Eğitim Sen: Eğitim sisteminde dil, din, inanç ayrımı var

Eğitim Sen, "Çocuklar, sık sık etnik köken, dil, din ve inanç ayrımcılığı ile karşı karşıya kalmakta" diyerek, anadilinde eğitim vurgusunda bulundu.

Eğitim Sen'in eğitim ve öğretim yılının birinci yarıyılına dair değerlendirme raporunda, öğrencilerin okula aç gidip geldiği ve kız çocuklarının okullardan uzaklaştırıldığı belirtildi.

Eğitim ve Bilim Emekçileri Sendikası (Eğitim Sen), 2023-2024 eğitim ve öğretim yılının birinci yarıyılına dair hazırladığı değerlendirme raporunu sendikanın Ankara'daki genel merkez binasında açıkladı. Raporu okuyan Eğitim Sen Genel Başkanı Kemal Irmak, asgari ücretin altında ücret alan ücretli öğretmenlerin sayısının 90 bine yakın olduğunu belirtti.

Çoğu çocuğun okula aç gittiği, çok sayıda okulun hasarlı olduğunun vurgulandığı raporda, "Siyasi iktidarın eğitim alanında, uzun süredir kendi siyasal-ideolojik hedefleri doğrultusunda attığı adımlar, okul öncesi eğitimden başlayarak eğitimin bütün kademelerinde Diyanet İşleri Başkanlığı başta olmak üzere, çeşitli vakıf ve derneklerle iş birliği halinde hayata geçirilen ÇEDES benzeri proje ve protokoller, başta öğrencilerimiz olmak üzere, öğretmenler, eğitim emekçileri ve velileri doğrudan etkilemeyi sürdürmektedir" dedi.
"KPSS’ye giren her 100 öğretmenden 85’inin ataması yapılmamış, ataması yapılmayan öğretmenlerin sadece yüzde 15’inin ataması gerçekleştirilmiştir" denilen raporda, çocukların inanç ayrımcılığı ile karşı karşıya olduğu kaydedildi.
Raporda, "Türkiye 1995 yılında Çocuk Hakları Sözleşmesi’nin bazı önemli maddelerine çekince koyarak çocuklar arasında etnik köken, din ya da kültüre dayalı ayrımcılık yapılmasını meşrulaştırmıştır" denildi.

'ÇOCUKLAR AYRIMCILIKLA KARŞI KARŞIYA'

Raporda şunlar da belirtildi:

Türkiye’de eğitim sisteminin müfredat, ders kitapları ve uygulama alanları itibarıyla çocuklar, sık sık etnik köken, dil, din ve inanç ayrımcılığı ile karşı karşıya kalmakta.

Eğitim sürecinde farklı dil, kimlik ve inançların dışlandığı, eğitimin zaten sorunlu olan niteliğinin daha da kötüleştiği bir eğitim sisteminin başarılı olması mümkün değildir.

Eğitim sisteminde yaşanan sorunların ülkedeki ekonomik, toplumsal ve siyasal alanda yaşanan gelişmelerden ayrı ve bağımsız olmadığı açıktır.
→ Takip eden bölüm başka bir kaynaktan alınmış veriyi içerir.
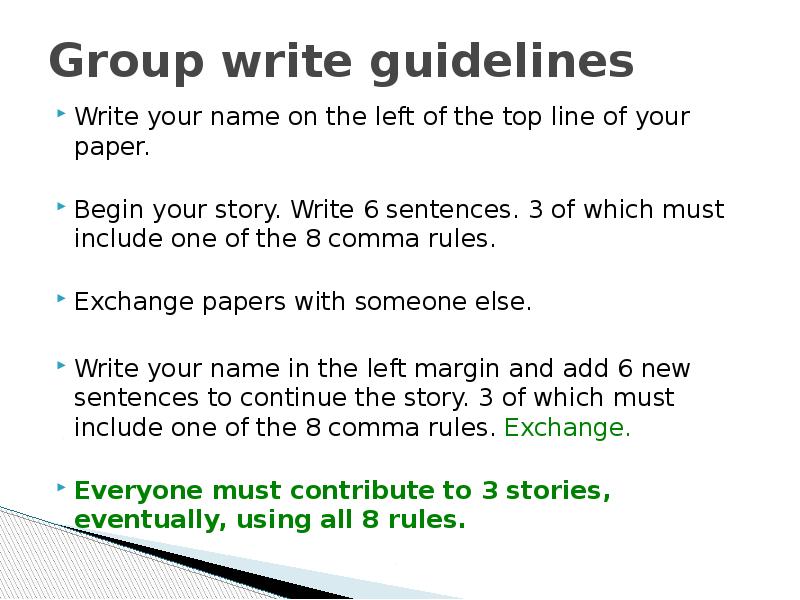 Group write guidelines
Write your name on the left of the Group write guidelines
Write your name on the left of the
Eğitim Sen, her geçen gün daha fazla piyasa ilişkileri içine çekilen, okul öncesinden üniversiteye kadar bilimin ve laikliğin değil, milliyetçiliğin, ayrımcılığın ve inanç sömürüsünün referans alındığı bir eğitim sisteminde kamusal, bilimsel, demokratik, laik ve anadilinde eğitim hakkı için mücadelesini kesintisiz sürdürmeye kararlıdır.”